Action item:
Retype the records in full, keeping each character as it is.

Extracted data:
● ● ●

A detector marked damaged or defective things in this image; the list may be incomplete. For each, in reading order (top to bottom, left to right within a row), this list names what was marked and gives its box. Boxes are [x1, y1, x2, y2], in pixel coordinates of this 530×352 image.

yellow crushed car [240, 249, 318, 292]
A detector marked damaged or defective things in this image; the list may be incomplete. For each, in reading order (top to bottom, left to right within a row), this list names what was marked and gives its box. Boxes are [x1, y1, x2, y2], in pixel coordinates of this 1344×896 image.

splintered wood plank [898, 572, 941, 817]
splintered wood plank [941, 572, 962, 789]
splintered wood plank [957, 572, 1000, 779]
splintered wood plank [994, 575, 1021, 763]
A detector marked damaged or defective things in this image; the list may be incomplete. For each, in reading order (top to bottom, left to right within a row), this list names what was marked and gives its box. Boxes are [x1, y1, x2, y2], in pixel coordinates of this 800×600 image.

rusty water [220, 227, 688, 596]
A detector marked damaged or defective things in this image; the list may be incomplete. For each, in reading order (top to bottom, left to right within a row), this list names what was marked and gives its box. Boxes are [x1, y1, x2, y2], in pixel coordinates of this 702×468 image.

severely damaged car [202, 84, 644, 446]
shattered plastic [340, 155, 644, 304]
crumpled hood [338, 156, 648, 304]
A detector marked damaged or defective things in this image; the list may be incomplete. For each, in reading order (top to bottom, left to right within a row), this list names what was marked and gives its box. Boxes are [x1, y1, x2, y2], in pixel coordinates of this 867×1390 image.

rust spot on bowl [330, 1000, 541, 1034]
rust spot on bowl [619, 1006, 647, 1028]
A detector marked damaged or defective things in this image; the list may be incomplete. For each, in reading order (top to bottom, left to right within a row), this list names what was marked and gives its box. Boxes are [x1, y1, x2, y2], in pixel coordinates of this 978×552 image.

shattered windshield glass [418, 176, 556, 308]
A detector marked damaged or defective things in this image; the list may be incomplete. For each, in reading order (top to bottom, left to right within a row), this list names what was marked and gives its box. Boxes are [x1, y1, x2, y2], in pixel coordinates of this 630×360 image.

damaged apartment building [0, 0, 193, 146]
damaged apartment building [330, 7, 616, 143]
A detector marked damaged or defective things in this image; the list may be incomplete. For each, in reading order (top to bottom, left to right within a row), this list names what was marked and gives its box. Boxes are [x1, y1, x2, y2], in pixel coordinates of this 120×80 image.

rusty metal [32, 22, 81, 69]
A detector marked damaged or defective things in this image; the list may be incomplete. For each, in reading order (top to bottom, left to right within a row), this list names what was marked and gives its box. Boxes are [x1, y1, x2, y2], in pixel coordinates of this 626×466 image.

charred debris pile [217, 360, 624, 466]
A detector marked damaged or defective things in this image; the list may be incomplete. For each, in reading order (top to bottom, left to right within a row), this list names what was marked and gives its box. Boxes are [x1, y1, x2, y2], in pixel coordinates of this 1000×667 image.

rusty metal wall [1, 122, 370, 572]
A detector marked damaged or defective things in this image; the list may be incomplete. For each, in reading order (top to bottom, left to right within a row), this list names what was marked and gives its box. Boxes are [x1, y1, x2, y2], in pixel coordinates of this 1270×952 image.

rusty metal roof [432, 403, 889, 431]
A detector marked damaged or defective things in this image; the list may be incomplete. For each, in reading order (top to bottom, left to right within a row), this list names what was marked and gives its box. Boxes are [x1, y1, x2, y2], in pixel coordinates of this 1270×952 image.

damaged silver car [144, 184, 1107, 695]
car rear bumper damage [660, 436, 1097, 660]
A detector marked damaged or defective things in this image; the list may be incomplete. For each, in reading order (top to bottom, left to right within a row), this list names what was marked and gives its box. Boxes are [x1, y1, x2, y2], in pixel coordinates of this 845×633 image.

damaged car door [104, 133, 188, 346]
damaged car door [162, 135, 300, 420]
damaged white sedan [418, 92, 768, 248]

● ● ●

Answer for the task:
A detector marked damaged or defective things in this image; the list may be incomplete. For each, in reading order (top to bottom, left to right within a row), this list names what was marked and gives its box. Boxes are [x1, y1, x2, y2], in pixel coordinates of this 530×352 image.

yellow crushed car [240, 249, 318, 292]
A detector marked damaged or defective things in this image; the list may be incomplete. For each, in reading order (top to bottom, left to right within a row), this list names what was marked and gives its box. Boxes are [x1, y1, x2, y2], in pixel coordinates of this 1344×896 image.

splintered wood plank [898, 572, 941, 817]
splintered wood plank [941, 572, 962, 789]
splintered wood plank [957, 572, 1000, 779]
splintered wood plank [994, 575, 1021, 763]
A detector marked damaged or defective things in this image; the list may be incomplete. For each, in reading order (top to bottom, left to right within a row), this list names what was marked and gives its box. Boxes are [x1, y1, x2, y2], in pixel coordinates of this 800×600 image.

rusty water [220, 227, 688, 596]
A detector marked damaged or defective things in this image; the list may be incomplete. For each, in reading order (top to bottom, left to right within a row), this list names what was marked and gives its box. Boxes are [x1, y1, x2, y2], in pixel coordinates of this 702×468 image.

severely damaged car [202, 84, 644, 446]
shattered plastic [340, 155, 644, 304]
crumpled hood [338, 156, 648, 304]
A detector marked damaged or defective things in this image; the list may be incomplete. For each, in reading order (top to bottom, left to right within a row), this list names what was marked and gives its box. Boxes are [x1, y1, x2, y2], in pixel coordinates of this 867×1390 image.

rust spot on bowl [330, 1000, 541, 1034]
rust spot on bowl [619, 1006, 647, 1028]
A detector marked damaged or defective things in this image; the list may be incomplete. For each, in reading order (top to bottom, left to right within a row), this list names what was marked and gives its box. Boxes are [x1, y1, x2, y2], in pixel coordinates of this 978×552 image.

shattered windshield glass [418, 176, 556, 308]
A detector marked damaged or defective things in this image; the list may be incomplete. For each, in reading order (top to bottom, left to right within a row), this list names what was marked and gives its box. Boxes are [x1, y1, x2, y2], in pixel coordinates of this 630×360 image.

damaged apartment building [0, 0, 193, 146]
damaged apartment building [330, 7, 616, 143]
A detector marked damaged or defective things in this image; the list may be incomplete. For each, in reading order (top to bottom, left to right within a row), this list names what was marked and gives its box. Boxes are [x1, y1, x2, y2], in pixel coordinates of this 120×80 image.

rusty metal [32, 22, 81, 69]
A detector marked damaged or defective things in this image; the list may be incomplete. For each, in reading order (top to bottom, left to right within a row), this list names what was marked and gives its box. Boxes are [x1, y1, x2, y2], in pixel coordinates of this 626×466 image.

charred debris pile [217, 360, 624, 466]
A detector marked damaged or defective things in this image; the list may be incomplete. For each, in reading order (top to bottom, left to right within a row), this list names what was marked and gives its box. Boxes are [x1, y1, x2, y2], in pixel coordinates of this 1000×667 image.

rusty metal wall [1, 122, 370, 572]
A detector marked damaged or defective things in this image; the list may be incomplete. For each, in reading order (top to bottom, left to right within a row), this list names what was marked and gives its box. Boxes are [x1, y1, x2, y2], in pixel coordinates of this 1270×952 image.

rusty metal roof [432, 403, 889, 431]
A detector marked damaged or defective things in this image; the list may be incomplete. For each, in reading order (top to bottom, left to right within a row), this list names what was marked and gives its box. Boxes are [x1, y1, x2, y2], in pixel coordinates of this 1270×952 image.

damaged silver car [144, 184, 1107, 695]
car rear bumper damage [660, 436, 1097, 660]
A detector marked damaged or defective things in this image; the list may be incomplete. For each, in reading order (top to bottom, left to right within a row), this list names what was marked and gives its box. Boxes are [x1, y1, x2, y2], in pixel coordinates of this 845×633 image.

damaged car door [104, 133, 188, 346]
damaged car door [162, 135, 300, 420]
damaged white sedan [418, 92, 768, 248]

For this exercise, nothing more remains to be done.